Citadel of Fire
- Authors: Marc Summerlott and Bob Bledsaw
- First published: 1978

= Citadel of Fire =

Adventure for fantasy role-playing games

Citadel of Fire is an adventure for fantasy role-playing games published by Judges Guild in 1978.

==Plot summary==
Citadel of Fire is an adventure scenario intended for high-level player characters that takes place in a five-level dungeon located under the castle of a wizard.

Citadel of Fire is an adventure set in the Wizard's Tower consisting of 6 tower floors and a large 5-level dungeon. The adventure details each of the rooms and other features and includes a brief historical note to assist the Dungeon Master in determining how to run the scenario.

==Publication history==
Citadel of Fire was written by Marc Summerlott and Bob Bledsaw, and was published by Judges Guild in 1978 as a 32-page book.

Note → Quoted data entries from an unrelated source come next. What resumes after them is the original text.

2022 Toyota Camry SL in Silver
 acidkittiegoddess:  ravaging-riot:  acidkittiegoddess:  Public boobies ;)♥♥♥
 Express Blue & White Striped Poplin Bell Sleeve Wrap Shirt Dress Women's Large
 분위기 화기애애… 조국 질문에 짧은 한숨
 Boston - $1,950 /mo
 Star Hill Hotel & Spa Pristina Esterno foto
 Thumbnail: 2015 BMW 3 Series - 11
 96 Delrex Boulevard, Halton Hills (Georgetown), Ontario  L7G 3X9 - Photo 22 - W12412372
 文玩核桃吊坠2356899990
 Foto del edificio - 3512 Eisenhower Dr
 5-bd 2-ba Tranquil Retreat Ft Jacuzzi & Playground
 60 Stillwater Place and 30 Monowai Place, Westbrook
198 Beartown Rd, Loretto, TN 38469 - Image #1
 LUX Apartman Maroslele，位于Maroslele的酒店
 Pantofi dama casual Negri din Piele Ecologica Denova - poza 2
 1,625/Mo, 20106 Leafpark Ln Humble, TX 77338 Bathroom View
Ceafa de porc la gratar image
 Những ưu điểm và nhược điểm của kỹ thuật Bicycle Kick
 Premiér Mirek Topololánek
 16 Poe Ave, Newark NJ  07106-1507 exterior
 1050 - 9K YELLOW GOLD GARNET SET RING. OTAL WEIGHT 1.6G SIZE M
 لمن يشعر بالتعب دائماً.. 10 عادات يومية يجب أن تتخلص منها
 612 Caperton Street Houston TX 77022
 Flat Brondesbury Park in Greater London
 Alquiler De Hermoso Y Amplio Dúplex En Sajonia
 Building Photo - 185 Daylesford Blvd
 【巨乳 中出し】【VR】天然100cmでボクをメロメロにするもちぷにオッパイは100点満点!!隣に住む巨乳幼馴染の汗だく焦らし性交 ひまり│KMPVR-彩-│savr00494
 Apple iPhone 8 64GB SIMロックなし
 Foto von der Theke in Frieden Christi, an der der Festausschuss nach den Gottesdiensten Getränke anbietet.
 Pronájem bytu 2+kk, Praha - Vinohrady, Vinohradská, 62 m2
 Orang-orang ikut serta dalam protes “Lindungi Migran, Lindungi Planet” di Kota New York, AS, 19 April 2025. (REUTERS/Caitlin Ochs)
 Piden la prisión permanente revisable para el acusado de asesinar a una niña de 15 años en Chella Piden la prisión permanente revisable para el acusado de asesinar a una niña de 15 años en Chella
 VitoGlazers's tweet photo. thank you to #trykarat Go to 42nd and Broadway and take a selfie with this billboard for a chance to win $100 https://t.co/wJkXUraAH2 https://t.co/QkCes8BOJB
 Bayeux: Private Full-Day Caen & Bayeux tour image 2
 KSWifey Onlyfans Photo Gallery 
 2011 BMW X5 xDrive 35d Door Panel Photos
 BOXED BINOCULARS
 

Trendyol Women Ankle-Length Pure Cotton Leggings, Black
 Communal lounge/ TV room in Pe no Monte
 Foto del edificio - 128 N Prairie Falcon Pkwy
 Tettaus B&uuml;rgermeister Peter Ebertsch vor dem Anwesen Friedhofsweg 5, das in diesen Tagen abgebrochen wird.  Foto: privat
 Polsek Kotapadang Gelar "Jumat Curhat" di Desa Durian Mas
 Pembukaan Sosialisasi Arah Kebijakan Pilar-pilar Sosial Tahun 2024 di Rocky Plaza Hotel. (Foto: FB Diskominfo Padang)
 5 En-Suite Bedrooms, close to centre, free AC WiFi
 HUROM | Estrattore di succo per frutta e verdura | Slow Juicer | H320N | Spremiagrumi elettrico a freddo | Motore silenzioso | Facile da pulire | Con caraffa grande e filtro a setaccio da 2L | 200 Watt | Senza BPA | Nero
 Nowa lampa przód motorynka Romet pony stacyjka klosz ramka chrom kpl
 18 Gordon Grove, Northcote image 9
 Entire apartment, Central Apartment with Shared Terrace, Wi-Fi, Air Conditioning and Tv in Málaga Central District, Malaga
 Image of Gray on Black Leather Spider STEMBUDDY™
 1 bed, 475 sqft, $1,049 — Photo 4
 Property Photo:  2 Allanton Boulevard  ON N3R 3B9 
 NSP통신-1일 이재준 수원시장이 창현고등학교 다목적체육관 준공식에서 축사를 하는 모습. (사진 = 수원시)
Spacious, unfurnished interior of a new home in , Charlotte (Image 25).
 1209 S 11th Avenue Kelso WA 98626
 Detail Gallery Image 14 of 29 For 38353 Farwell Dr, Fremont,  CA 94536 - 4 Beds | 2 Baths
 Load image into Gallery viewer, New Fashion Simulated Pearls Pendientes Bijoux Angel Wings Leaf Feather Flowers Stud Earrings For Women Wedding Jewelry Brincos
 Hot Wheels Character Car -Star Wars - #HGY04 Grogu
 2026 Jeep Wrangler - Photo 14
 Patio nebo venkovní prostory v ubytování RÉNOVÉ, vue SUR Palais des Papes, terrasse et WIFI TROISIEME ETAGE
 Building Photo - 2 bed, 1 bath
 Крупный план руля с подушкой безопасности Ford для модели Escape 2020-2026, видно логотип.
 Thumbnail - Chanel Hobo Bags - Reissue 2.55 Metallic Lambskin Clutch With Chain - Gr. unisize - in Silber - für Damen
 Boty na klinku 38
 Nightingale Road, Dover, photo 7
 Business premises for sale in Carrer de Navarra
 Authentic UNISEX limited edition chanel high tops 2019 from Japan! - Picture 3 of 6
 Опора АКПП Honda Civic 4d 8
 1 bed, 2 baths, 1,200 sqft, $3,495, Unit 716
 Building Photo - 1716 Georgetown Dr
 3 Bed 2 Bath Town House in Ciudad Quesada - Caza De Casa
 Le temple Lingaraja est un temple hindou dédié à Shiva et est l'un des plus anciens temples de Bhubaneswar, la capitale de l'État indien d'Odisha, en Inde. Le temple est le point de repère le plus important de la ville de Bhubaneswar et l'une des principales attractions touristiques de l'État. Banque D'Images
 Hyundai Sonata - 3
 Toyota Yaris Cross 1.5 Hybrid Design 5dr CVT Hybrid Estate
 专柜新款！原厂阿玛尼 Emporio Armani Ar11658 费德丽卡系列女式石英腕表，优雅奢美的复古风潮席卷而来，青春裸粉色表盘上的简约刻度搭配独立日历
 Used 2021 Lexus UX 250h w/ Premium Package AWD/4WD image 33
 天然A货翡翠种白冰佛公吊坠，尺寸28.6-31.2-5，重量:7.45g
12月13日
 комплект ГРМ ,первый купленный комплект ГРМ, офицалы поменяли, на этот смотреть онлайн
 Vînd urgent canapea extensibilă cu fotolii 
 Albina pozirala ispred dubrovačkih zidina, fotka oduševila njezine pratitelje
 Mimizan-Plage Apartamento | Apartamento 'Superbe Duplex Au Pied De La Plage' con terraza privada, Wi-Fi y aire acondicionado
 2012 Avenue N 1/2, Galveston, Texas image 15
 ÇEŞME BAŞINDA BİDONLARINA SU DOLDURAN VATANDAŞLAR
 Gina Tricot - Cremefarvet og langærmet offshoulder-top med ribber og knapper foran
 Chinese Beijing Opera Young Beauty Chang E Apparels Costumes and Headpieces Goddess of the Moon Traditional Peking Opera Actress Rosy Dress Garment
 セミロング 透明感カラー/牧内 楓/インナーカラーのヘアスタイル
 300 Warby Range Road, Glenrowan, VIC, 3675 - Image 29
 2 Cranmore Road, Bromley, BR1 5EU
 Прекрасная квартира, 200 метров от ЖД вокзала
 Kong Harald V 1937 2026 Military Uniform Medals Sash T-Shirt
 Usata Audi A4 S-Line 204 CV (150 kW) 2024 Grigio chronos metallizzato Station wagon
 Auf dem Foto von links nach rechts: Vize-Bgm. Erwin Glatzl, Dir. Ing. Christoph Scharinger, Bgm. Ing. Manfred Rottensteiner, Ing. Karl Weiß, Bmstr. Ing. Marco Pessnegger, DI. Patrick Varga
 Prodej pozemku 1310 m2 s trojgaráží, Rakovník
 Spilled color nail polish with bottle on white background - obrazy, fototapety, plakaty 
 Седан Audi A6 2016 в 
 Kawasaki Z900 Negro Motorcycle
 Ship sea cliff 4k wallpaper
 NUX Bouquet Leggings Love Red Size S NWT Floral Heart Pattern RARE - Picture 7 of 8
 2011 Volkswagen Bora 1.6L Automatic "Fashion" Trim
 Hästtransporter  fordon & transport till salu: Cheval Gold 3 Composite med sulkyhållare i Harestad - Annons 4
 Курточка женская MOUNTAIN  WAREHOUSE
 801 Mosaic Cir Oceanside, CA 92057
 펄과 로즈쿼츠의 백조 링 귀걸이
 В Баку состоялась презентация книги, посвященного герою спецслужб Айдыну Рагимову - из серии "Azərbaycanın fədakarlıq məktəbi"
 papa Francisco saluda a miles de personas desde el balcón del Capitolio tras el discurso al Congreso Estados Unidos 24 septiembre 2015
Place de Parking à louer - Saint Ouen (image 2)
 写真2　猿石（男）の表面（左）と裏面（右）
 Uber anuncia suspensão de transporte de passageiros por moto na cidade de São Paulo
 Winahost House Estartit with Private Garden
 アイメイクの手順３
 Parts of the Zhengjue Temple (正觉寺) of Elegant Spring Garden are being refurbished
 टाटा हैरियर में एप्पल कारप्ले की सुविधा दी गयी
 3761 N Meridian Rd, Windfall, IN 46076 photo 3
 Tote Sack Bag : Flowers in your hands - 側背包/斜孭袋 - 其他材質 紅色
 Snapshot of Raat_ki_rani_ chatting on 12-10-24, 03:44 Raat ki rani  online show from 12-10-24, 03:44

A cumulative sales listing shows that Citadel of Fire sold over 15,000 units by 1981.

==Reception==
 Don Turnbull reviewed Citadel of Fire for White Dwarf #9, and rated it a 6 out of 10. He commented that "Seeing – and being enormously impressed by – the recent TSR modules has rather spoiled me! In fact the outstanding quality of the TSR modules puts others into perspective as presentable, workable settings but not blessed with the thorough and meticulous approach which a product of outstanding quality must possess. The designer has done a workmanlike job, but I can't help feeling that there should by now be a number of 'amateur' designers who regularly produce scenarios of equal quality for the limited audience of their own players – things have progressed a great deal since Judges' Guild material first came on the market, yet the products of the Guild have remained at about the same quality level." He continued by saying "To a novice designer – particularly one not yet ready for the sophisticated, complexity and toughness of the TSR Modules [...] this will be a useful addition to the collection and a helpful guide to design. To those who can now count themselves as veterans this may appear as rather run-of-the-mill with little to justify the cost. For the player, it is quite a simple dungeon/setting to explore apart from the areas containing the Demons". Turnbull concluded his review by saying, "A useful product but not one which can now attract the praise which would have been heaped on it two years ago."

Patrick Amory reviewed Citadel of Fire for Different Worlds magazine and stated that "This one is another of the Guild's earlier releases. Based on an evil wizard's tower, it is a typical D&D adventure, with nothing special to single it out from the crowd. A competent GM should be able to turn out one of these with his eyes closed."